L’ultimo episodio si è verificato durante la finale dei Mondiali di calcio 2026 tra Spagna e Argentina, disputata nel New Jersey. Alcaraz ha portato il trofeo sul terreno di gioco prima dell’incontro e ha poi festeggiato il successo per 1-0 della nazionale spagnola. Le telecamere hanno però mostrato una protezione proprio nella zona interessata dall’infortunio.
L’immagine ha immediatamente alimentato nuovi timori. Il sette volte campione Slam è fermo dall’ATP 500 di Barcellona, dove aveva accusato il problema dopo il primo incontro.

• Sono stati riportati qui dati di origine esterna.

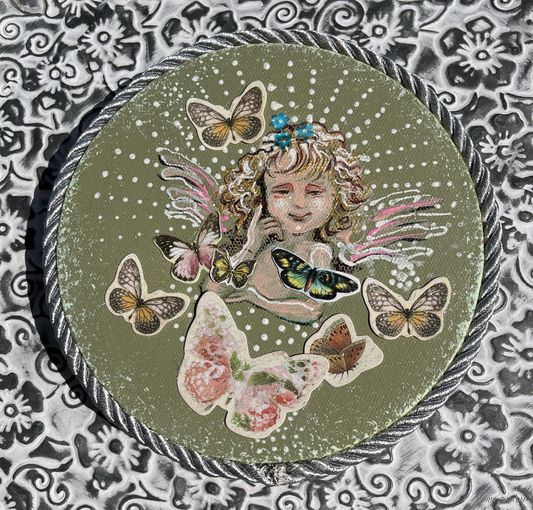 Панно на холсте масло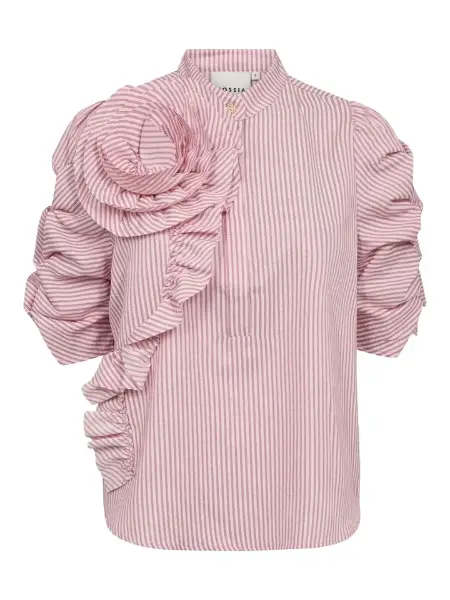 Billede af Gossia Zabina Skjorte Pink Stripes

Da allora ha progressivamente rinunciato agli appuntamenti successivi, senza comunicare una data definitiva per il rientro.

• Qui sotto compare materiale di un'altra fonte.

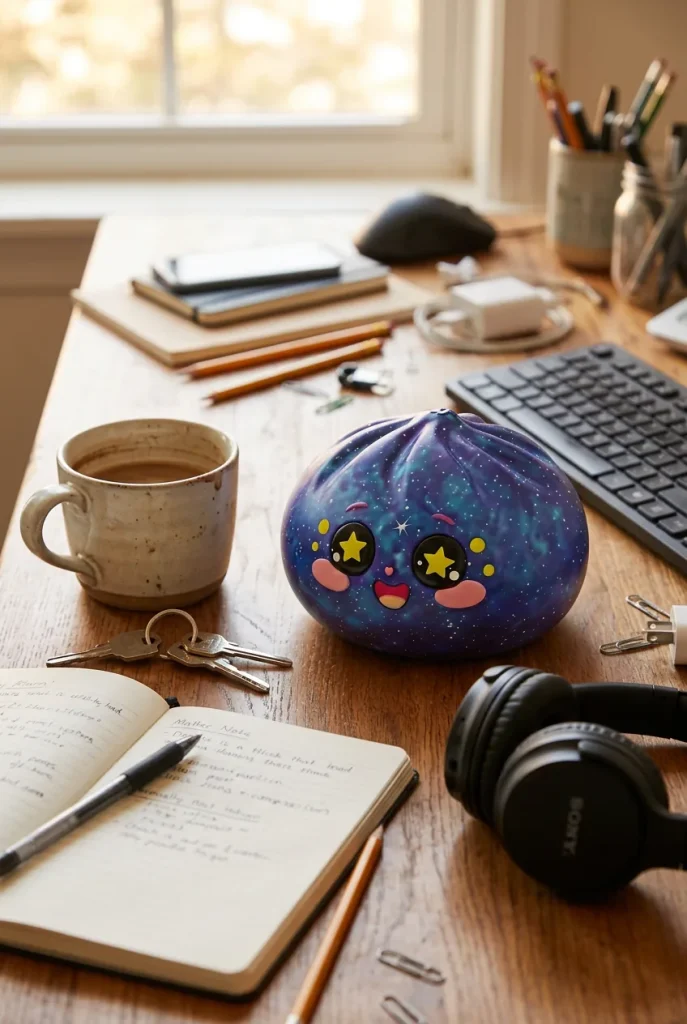 Galaxy Dumpling Squishy Cosmico — squishy antistress slow-rise kawaii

La spiegazione alternativa di Andy Roddick
Nel podcast Served, Andy Roddick ha ammesso di essersi inizialmente preoccupato vedendo la fasciatura, ma ha poi avanzato un’ipotesi decisamente più rassicurante.
“La mia prima reazione è stata: ‘Oh mio Dio, non è un buon segnale’. Però, se fossi al suo posto e mi trovassi circondato da moltissime persone dopo un infortunio al polso, indosserei certamente qualcosa che dicesse: ‘Non venite a stringermi la mano’. Potrebbe essere semplicemente questo”, ha osservato l’ex numero uno del mondo.
Secondo Roddick, la protezione potrebbe quindi aver avuto soprattutto una funzione preventiva. Durante un evento così affollato, Alcaraz era circondato da calciatori, autorità, tifosi e numerose persone desiderose di salutarlo. Coprire il polso avrebbe rappresentato un modo immediato per evitare centinaia di strette di mano e possibili movimenti involontari.
“Se mi trovassi alla finale del Mondiale e dovessi stringere 250 mani, magari con qualcuno che ha bevuto qualche bicchiere e viene verso di me, lo capirei perfettamente”, ha aggiunto l’americano.
Roddick approva la prudenza di Alcaraz
L’ex campione dello US Open ha inoltre apprezzato il modo in cui Alcaraz e il suo staff stanno gestendo il recupero. Finora il murciano non ha indicato scadenze rigide e non sembra intenzionato ad accelerare i tempi soltanto per rientrare prima.
“Vogliamo rivederlo in lotta per i titoli, ma dal punto di vista pratico deve prendersi tutto il tempo necessario. Ha ancora una lunga carriera davanti”, ha spiegato Roddick. “Non sembra che stia forzando o annunciando una data capace di farci domandare se sia davvero pronto. Io indosserei comunque una protezione, anche se il polso fosse quasi completamente guarito”.
La teoria dell’americano riduce quindi l’allarme, senza però eliminare le incognite. La presenza della fasciatura potrebbe indicare che il problema non sia ancora completamente superato oppure rappresentare soltanto una misura precauzionale in un contesto particolarmente affollato.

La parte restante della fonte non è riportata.